Disclaimer: Experimental PR review

Greptile Summary

This PR adds an export-stage transformation layer (LangfuseTransformingSpanExporter) that runs between the OTel batch span processor and the downstream OTLP exporter, enabling media detection and attribute masking on third-party spans that bypass the existing SDK-level mask hook.

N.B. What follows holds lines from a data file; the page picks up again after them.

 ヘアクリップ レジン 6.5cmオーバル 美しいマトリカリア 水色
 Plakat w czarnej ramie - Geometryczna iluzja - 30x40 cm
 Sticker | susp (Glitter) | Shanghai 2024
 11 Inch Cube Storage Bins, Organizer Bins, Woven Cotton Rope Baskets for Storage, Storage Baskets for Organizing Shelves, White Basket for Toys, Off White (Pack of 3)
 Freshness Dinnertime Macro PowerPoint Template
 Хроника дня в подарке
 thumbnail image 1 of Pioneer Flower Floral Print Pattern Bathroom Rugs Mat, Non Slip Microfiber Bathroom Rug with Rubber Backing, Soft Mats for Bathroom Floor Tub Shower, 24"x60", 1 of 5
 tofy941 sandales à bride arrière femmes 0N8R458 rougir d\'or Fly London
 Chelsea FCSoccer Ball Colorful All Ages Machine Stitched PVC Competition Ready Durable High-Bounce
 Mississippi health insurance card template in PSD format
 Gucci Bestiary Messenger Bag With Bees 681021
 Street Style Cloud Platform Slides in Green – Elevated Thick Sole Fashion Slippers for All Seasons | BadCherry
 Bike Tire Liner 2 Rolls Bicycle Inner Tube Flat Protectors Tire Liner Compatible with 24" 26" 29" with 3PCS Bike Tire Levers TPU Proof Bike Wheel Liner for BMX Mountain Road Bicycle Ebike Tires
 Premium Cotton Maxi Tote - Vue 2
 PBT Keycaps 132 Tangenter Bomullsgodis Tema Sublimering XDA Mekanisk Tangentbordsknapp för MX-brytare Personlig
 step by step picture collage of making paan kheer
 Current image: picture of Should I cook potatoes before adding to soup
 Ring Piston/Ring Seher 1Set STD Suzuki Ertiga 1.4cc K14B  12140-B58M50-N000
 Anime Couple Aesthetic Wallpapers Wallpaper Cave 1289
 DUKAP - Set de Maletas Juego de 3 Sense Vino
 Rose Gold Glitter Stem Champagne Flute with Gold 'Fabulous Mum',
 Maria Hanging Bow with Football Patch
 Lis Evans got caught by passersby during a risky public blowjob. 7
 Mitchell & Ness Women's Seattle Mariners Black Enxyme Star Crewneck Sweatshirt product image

  • Introduces mask_otel_spans as a new public Langfuse(...) parameter, wired through the resource manager into LangfuseSpanProcessor, and exposes a batch-native public contract (MaskOtelSpansParams, MaskOtelSpansResult, OtelSpanPatch, etc.) in langfuse.types.
  • Extends MediaManager._find_and_process_media with a fail_open flag and adds Gemini inline_data/inlineData detection; applies media replacement at export time with a substring prefilter to avoid JSON parsing on non-media strings.
  • The OTEL tracer initialization in resource_manager.py was moved after the media manager setup so media_manager is available when the span processor is constructed.

Confidence Score: 4/5

Safe to merge; all changes are additive and opt-in, existing mask and media paths are untouched.

The change is well-structured and defensively written, but cloned spans lose their dropped_attributes_count metadata — downstream OTLP consumers would see 0 even for spans that originally exceeded the attribute limit.

langfuse/_client/span_exporter.py — specifically the _clone_span method and attribute wrapping strategy.

Sequence Diagram

sequenceDiagram
    participant App as Application
    participant BSP as BatchSpanProcessor
    participant LTS as LangfuseTransformingSpanExporter
    participant MM as MediaManager
    participant MF as mask_otel_spans callback
    participant OE as OTLPSpanExporter

    App->>BSP: span ends (on_end)
    BSP->>LTS: export(batch of ReadableSpans)

    loop for each span
        LTS->>MM: "_find_and_process_media(attributes, fail_open=True)"
        MM-->>LTS: post-media attribute dict
    end

    alt mask_otel_spans configured
        LTS->>MF: MaskOtelSpansParams(spans)
        MF-->>LTS: MaskOtelSpansResult or None

        alt exception or invalid result
            LTS-->>BSP: SUCCESS (batch dropped)
        else patch for unknown identifier
            LTS-->>BSP: SUCCESS (batch dropped)
        else valid patches
            loop for each span
                LTS->>LTS: apply OtelSpanPatch (delete then set)
            end
        end
    end

    LTS->>LTS: _clone_span(span, patched_attributes)
    LTS->>OE: export(cloned ReadableSpans)
    OE-->>LTS: SpanExportResult
    LTS-->>BSP: SpanExportResult
Loading
Prompt To Fix All With AI
Fix the following 2 code review issues. Work through them one at a time, proposing concise fixes.

---

### Issue 1 of 2
langfuse/_client/span_exporter.py:579-596
`_clone_span` converts `span.attributes` (a `BoundedAttributes`) to a plain `dict`. The OTel SDK's `ReadableSpan.dropped_attributes` property guards with `isinstance(self._attributes, BoundedAttributes)` and returns `0` for any other type, so the cloned span will always export `dropped_attributes_count=0` even when the original span had attributes silently dropped by the bounds limit. This loses span fidelity in the OTLP payload for any span that hit the attribute limit.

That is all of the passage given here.